PROVIDENCE, R.I. -- A man convicted of killing a Providence detective inside a police station with the officer's own gun was sentenced Tuesday to life in prison without parole. "Civilized society needs to be protected from the likes of Esteban Carpio," Superior Court Judge Robert Krause said in imposing the maximum under state law.

Carpio, 28, was found guilty in June in the 2005 killing of Detective Sgt. James Allen, who was shot twice at close range in a struggle that broke out while Carpio was being questioned about the stabbing of an elderly woman. Carpio escaped out a third-floor window but was captured about an hour later. 
A jury rejected his insanity defense. 
"I am truly, honestly, sincerely sorry. Please forgive me," Carpio said in asking the judge for mercy. 
Allen, 50, was a veteran police officer and married father of two teenage daughters. 
Prosecutor Paul Daly had asked for the maximum sentence, saying Carpio's adulthood had been consumed with crime. "There is no simply no reason to believe that this leopard will ever change its spots," Daly said.








_Copyright 2006 Associated Press. All rights reserved. This material may not be published, broadcast, rewritten, or redistributed._


----------



## Guest (Oct 11, 2006)

excellent.............


----------



## HousingCop (May 14, 2004)

*This is swift justice. Has this happened in Mass, the pre-trial motions would still be going on and pieces of evidence would be tossed by the liberal black robed hacks which make up 60% of our judiciary. *

*Glad to see there is some justice elsewhere in the world. Since "Old Sparky" isn't an option, I guess the HOLE will have to do.*

_"I am truly, honestly, sincerely sorry. Please forgive me," Carpio said in asking the judge for mercy._

*Notice he didn't say one word of this to Detective Allens family. He only said it to gain points with Judge Robert Krause* *which didn't help him one bit. Finally a jurist who gets it right. *

*I hope Carpio gets Leprosy and they shave off a bit of his hide every month till there's nothing left of his sorry ass. *


----------



## Mongo (Aug 10, 2006)

Piece of shit, may he rott.


----------



## Tom236 (Mar 17, 2006)

Good thing Deval is tied up running for office, he would probably try to help this low life.


----------



## DPDPO (Jul 28, 2006)

I hope this A$$HOLE rots in jail.
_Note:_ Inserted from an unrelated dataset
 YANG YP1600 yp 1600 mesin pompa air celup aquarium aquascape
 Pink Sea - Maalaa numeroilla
To bad rhode Island didn't have an electric chair.


----------



## Ptlm.Shamrock147 (Aug 28, 2005)

Have a nice 60 years f*ckhead....


----------



## 4ransom (Mar 1, 2006)

Thing that sucks is that he is probably a hero in jail. Wish somebody would give him the Jeffery Dahmer treatement in the bathroom. Too bad.. That detective seemed like a really good guy.. 
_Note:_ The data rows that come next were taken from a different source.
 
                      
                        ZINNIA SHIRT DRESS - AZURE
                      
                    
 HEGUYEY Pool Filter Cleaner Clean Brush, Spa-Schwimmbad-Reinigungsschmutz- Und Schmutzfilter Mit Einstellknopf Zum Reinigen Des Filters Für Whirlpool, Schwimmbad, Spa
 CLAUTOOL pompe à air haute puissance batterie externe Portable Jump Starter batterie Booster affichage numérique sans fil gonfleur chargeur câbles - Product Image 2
I guess that beating he got when he got arrested will have to do.


----------



## CJIS (Mar 12, 2005)

I hope he gets shanked


----------



## Curious EMT (Apr 1, 2004)

He's still serving his 300+ day in segregation (solitary, for you movie watchers) for a spitting incident. The ACI Administration has made it clear the book will be thrown at him for every act of misconduct.... fucking prick that he is.....


----------



## justanotherparatrooper (Aug 27, 2006)

make sure he's in a cell with some guy thats 6-9 350lbs and a very anti-social disposition.he'll need to scab plenty of grease from the machineshop


----------



## mr.anttrax (May 24, 2006)

It's nice to hear about some justice for the Allen family. This piece of garbage can finally be forgotten!


----------



## Vader (May 12, 2006)

That's a shame...he was so photogenic.









</IMG>

See ya scumbag!!!


----------



## 94c (Oct 21, 2005)

Vader said:


> That's a shame...he was so photogenic.
> 
> 
> 
> ...


and to think he could have had a career in the NHL


----------